# Predicting basketball injuries using ML
### Alternative finance project

Supervised by Prof. Marcus Frunza - coded by **Soughati Kenza, Henry-Biabaud Briac, Collin Thibault**

The aim of this project was to work around machine learning models to predict NBA basketball player injuries for the next game-ahead, using a collection of box score individual statistics from previous games.

Having already extracted all the data required in a previous notebook {*extraction*}, we now work on implementing machine learning techniques to analyze the sets and work on the prediction.

We import several well-known libraries, and we initialize the booleans that will determine the final pipeline ran.

In [None]:
import numpy as np
import pandas as pd
import requests
from bs4 import BeautifulSoup
import time

In [None]:
usingPCA = False
usingXGBoost = False
usingDeep = True
useSmote = False
useAdasyn = True
usingRecursiveElim = True
usingFocalLoss = False
usingIsolationForest = True
usingLightGBM = False

## Features engineering

Because our set are so imbalanced by nature (barely 5% of all individual games result in an injury) we have to rebalance conveniently our data. We perform *resampling* to preserve patterns and only remove what can be considered as close duplicates.

In [None]:
stats_df = pd.read_csv('stats_full.txt', sep=' ')

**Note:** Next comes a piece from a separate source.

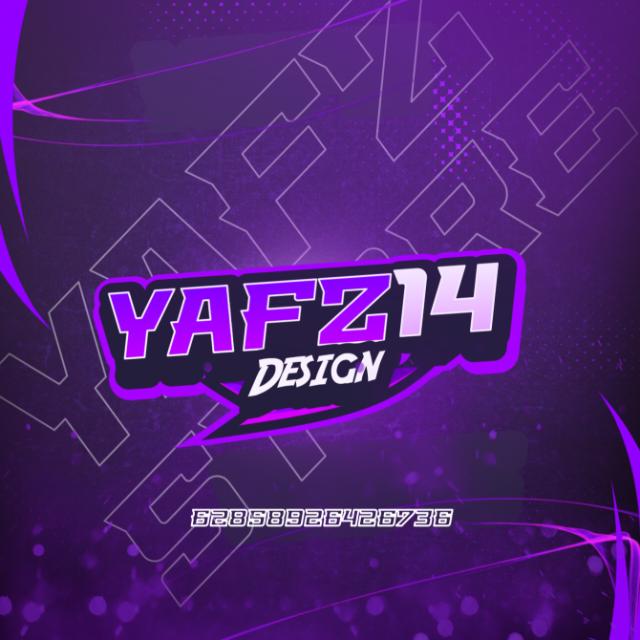 JB GROWTOPIA YAFZ STORE??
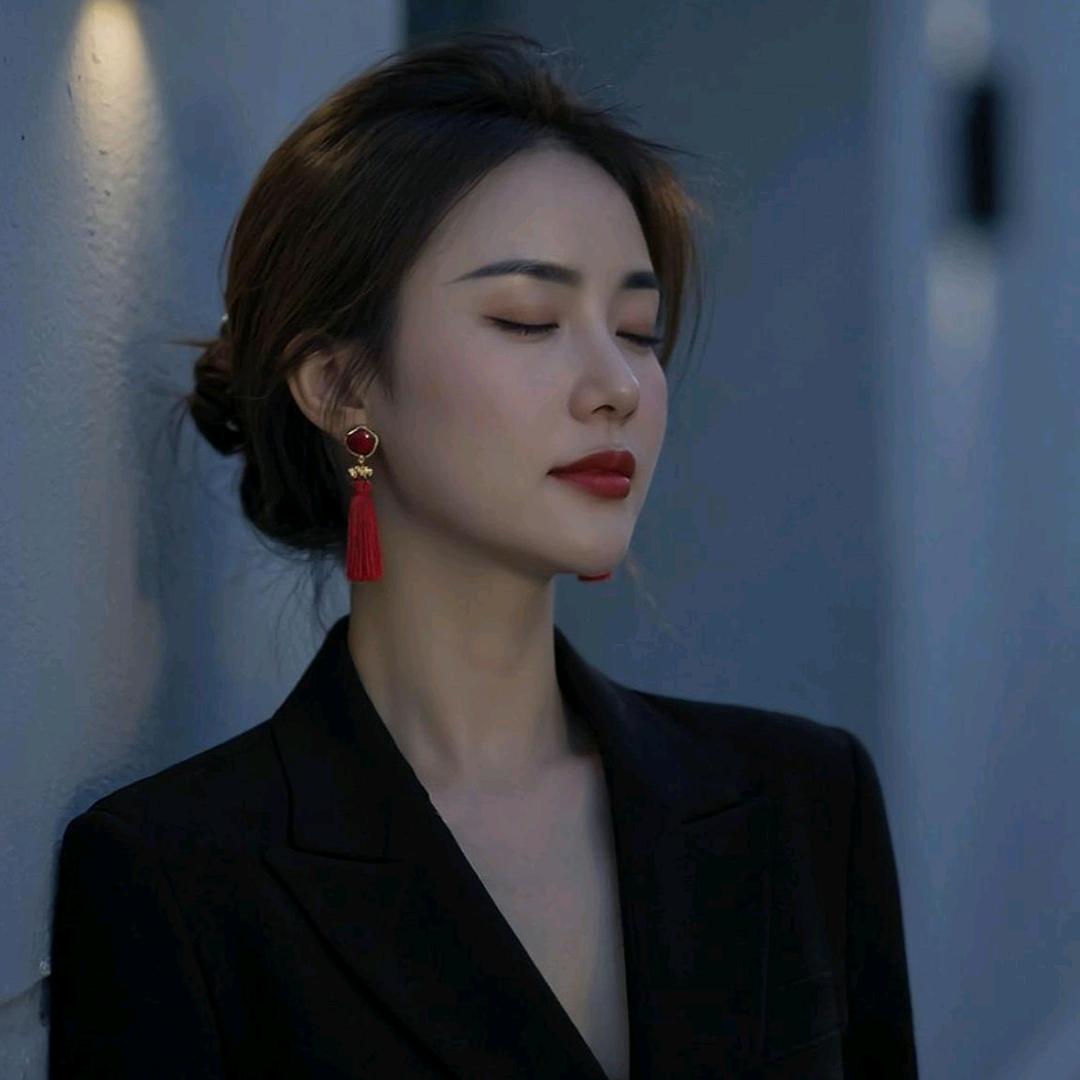 程家小仙女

y_df = stats_df[['Inj After']]
x_df = stats_df.drop(columns=['Inj After', 'Season'])

Splitting our set into training and set sets.

In [None]:
from sklearn.model_selection import train_test_split

x_all, x_test, y_all, y_test = train_test_split(x_df, y_df, test_size=0.2, random_state=1)
x_all = x_all.drop(columns=['Player', 'Date'])

Using isolation forest to detect and remove outliers from out set.

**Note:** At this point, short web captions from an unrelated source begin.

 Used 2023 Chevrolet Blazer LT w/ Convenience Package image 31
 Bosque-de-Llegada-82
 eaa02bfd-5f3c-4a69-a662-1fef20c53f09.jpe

https://scikit-learn.org/stable/modules/generated/sklearn.ensemble.IsolationForest.html

In [None]:
from sklearn.ensemble import IsolationForest

if usingIsolationForest:
    iso_forest = IsolationForest(n_estimators=100, max_samples='auto', contamination=0.03, n_jobs=-1, random_state=203)
    outliers_pred = iso_forest.fit_predict(x_all)

    outliers_cleaned_x_all = x_all[outliers_pred == 1]
    outliers_df_scores = y_all[outliers_pred == 1]

## Features selection

We store a baseline entire selection of features.

In [None]:
features = list(x_all.columns)

Performing PCA to retain features that explain a certain threshold of the total variance from the target variable.

https://scikit-learn.org/stable/modules/generated/sklearn.decomposition.PCA.html

In [None]:
from sklearn.decomposition import PCA
from sklearn.preprocessing import StandardScaler
import numpy as np

if usingPCA:
    scaler = StandardScaler()
    x_scaled = scaler.fit_transform(x_all[features])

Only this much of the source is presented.